What this task involves:
Below is a set of records, and all of them should be retyped exactly, minus the pictures.

Excerpted records:
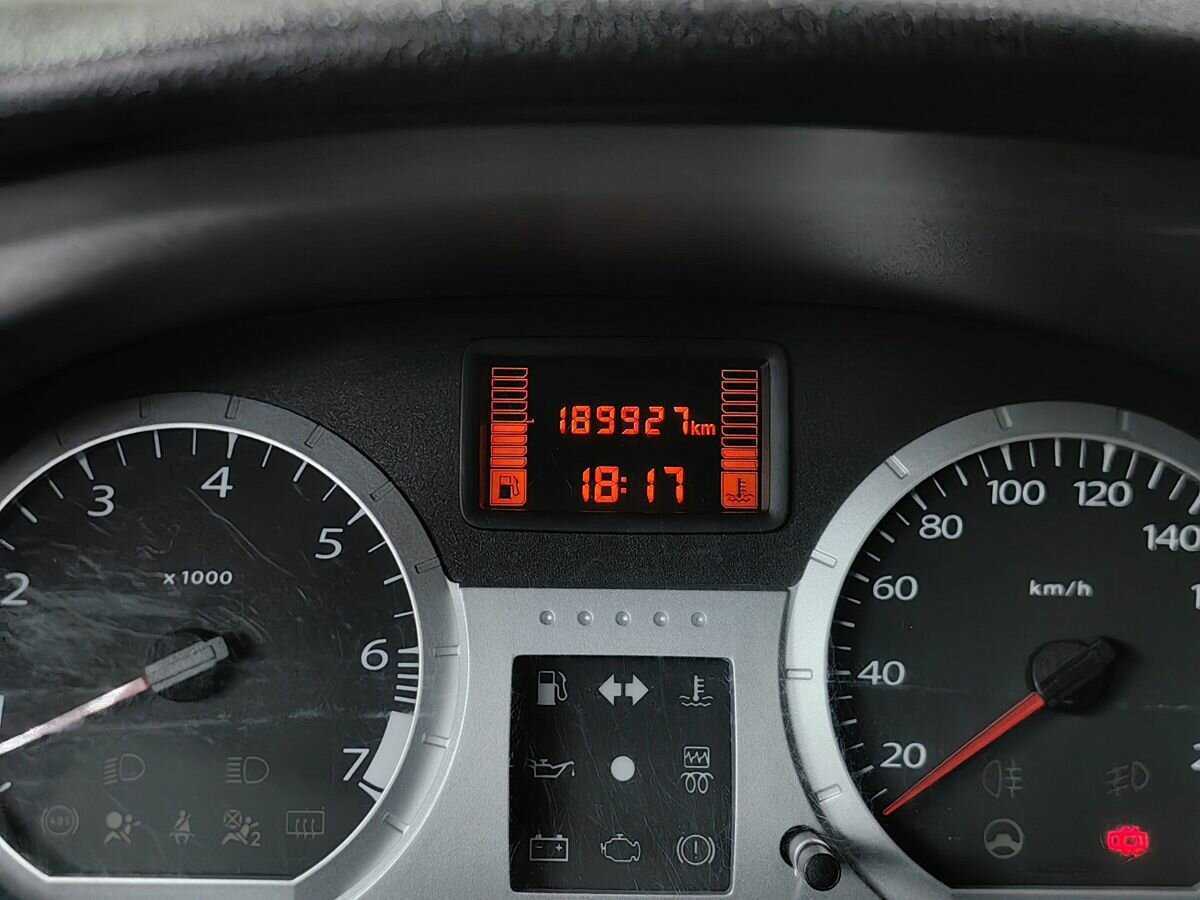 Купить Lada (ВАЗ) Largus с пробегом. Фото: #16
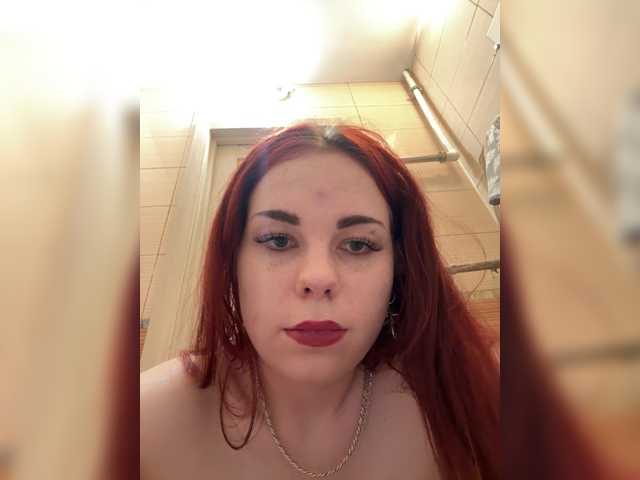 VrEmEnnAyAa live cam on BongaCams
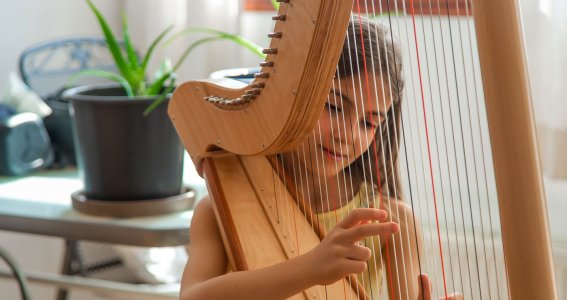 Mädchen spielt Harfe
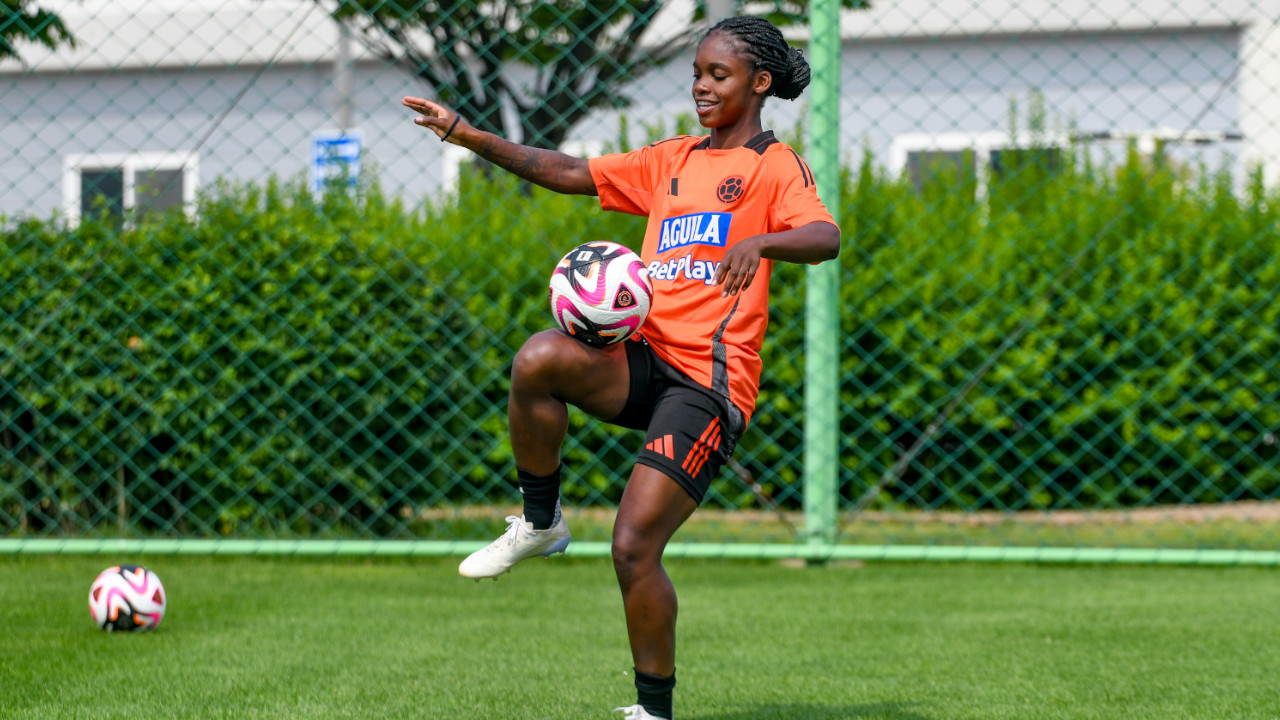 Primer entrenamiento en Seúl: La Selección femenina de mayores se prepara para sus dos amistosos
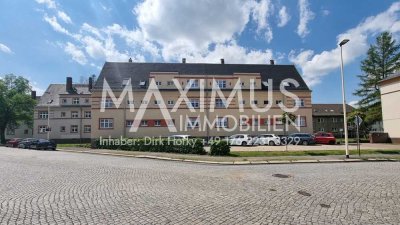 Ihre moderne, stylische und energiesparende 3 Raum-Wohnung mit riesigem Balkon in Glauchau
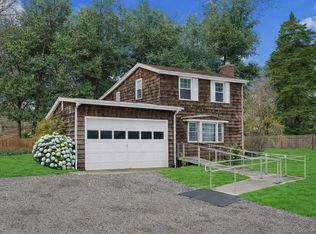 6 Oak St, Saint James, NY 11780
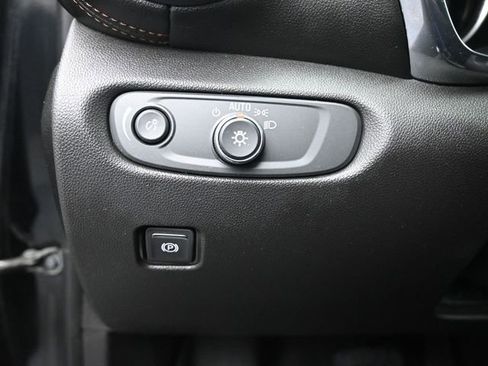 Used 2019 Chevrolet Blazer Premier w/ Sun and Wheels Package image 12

Finished exercise:
 Купить Lada (ВАЗ) Largus с пробегом. Фото: #16
 VrEmEnnAyAa live cam on BongaCams
 Mädchen spielt Harfe
 Primer entrenamiento en Seúl: La Selección femenina de mayores se prepara para sus dos amistosos
 Ihre moderne, stylische und energiesparende 3 Raum-Wohnung mit riesigem Balkon in Glauchau
 6 Oak St, Saint James, NY 11780
 Used 2019 Chevrolet Blazer Premier w/ Sun and Wheels Package image 12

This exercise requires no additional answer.